The Colosseum or Coliseum, originally known as the Flavian Amphitheatre (Latin: Amphitheatrum Flavium), is the largest amphitheatre built in the Roman Empire. Originally capable of seating 70,000 spectators, it was once used for gladiatorial combat. It was built in the 70s AD.

The Colosseum is located just east of the Roman Forum.

History

Construction

File:Colosseum-interior.JPG
An interior of the Colosseum. The floor is a modern reconstruction; below are the underground vaults and tunnels originally used to house animals and slaves.

Construction of the Colosseum began under the rule of Emperor Vespasian in 72. It was completed by his son, Titus, in 80, with later improvements by Domitian.
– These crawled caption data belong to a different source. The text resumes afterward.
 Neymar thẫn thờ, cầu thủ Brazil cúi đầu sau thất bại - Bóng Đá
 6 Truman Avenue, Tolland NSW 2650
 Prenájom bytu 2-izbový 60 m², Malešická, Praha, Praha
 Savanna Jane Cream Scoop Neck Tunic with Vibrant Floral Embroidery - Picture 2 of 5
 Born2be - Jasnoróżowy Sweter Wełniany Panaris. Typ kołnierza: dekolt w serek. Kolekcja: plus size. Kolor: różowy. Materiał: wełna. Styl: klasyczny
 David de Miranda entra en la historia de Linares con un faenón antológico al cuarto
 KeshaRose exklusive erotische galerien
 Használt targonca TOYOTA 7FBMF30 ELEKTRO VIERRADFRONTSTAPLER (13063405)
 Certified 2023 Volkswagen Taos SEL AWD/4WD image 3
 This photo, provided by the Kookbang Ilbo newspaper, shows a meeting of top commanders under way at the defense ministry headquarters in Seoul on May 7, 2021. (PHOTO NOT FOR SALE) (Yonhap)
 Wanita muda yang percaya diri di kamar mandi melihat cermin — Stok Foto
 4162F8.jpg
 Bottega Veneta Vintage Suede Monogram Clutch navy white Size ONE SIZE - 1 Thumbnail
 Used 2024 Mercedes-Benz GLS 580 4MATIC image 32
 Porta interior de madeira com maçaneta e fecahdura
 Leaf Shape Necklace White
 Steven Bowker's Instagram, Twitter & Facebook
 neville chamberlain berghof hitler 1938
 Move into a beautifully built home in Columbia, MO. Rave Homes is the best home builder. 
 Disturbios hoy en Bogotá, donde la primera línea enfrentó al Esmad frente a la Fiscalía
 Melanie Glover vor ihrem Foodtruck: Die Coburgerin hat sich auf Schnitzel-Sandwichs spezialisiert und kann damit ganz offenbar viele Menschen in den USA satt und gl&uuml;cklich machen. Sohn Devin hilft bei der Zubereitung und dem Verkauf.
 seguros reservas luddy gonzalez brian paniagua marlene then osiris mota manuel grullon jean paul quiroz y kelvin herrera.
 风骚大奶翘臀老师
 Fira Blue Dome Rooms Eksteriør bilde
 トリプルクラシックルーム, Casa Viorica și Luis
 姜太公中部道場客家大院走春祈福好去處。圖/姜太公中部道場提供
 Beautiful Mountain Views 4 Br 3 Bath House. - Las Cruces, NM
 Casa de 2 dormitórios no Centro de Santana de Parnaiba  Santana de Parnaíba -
It was built at the site of Nero's lake below his extensive palace, the Domus Aurea, which had been built covering the slope of the Palatine after the great fire of Rome in 64. Dio Cassius recounts that 9,000 wild animals were killed in the one hundred days of celebration which inaugurated the amphitheatre opening.

After the Colosseum's first two years in operation, Vespasian's younger son (the newly-designated Emperor Domitian) decided to sacrifice the ability to flood the arena in return for a hypogeum (literally meaning "underground").

Late Roman history

The Colosseum was in continuous use until 217, when it was damaged by fire after a lightning strike. It was restored in 238 and gladiatorial games continued until Christianity gradually put an end to those parts of them which included the death of humans. The building was used for various purposes, mostly venationes, until 524. Two earthquakes (in 442 and 508) caused massive damage to the structure.

Medieval and Renaissance

In the Middle Ages, it was severely damaged by further earthquakes (847 and 1349), and was then converted into a fortress and a Christian church erected in one small part.

The marble that originally covered the façade was reused in constructions or burned to make quicklime. During the Renaissance, but mostly in the 16th and 17th centuries, the ruling Roman families (from which many popes came) used it as a source of marble for the construction of St. Peter's Basilica and the private palazzi of Roman families such as the Barberini: Quod non fecerunt Barbari, Barberini fecerunt; "What the Barbarians didn't do, the Barberini did"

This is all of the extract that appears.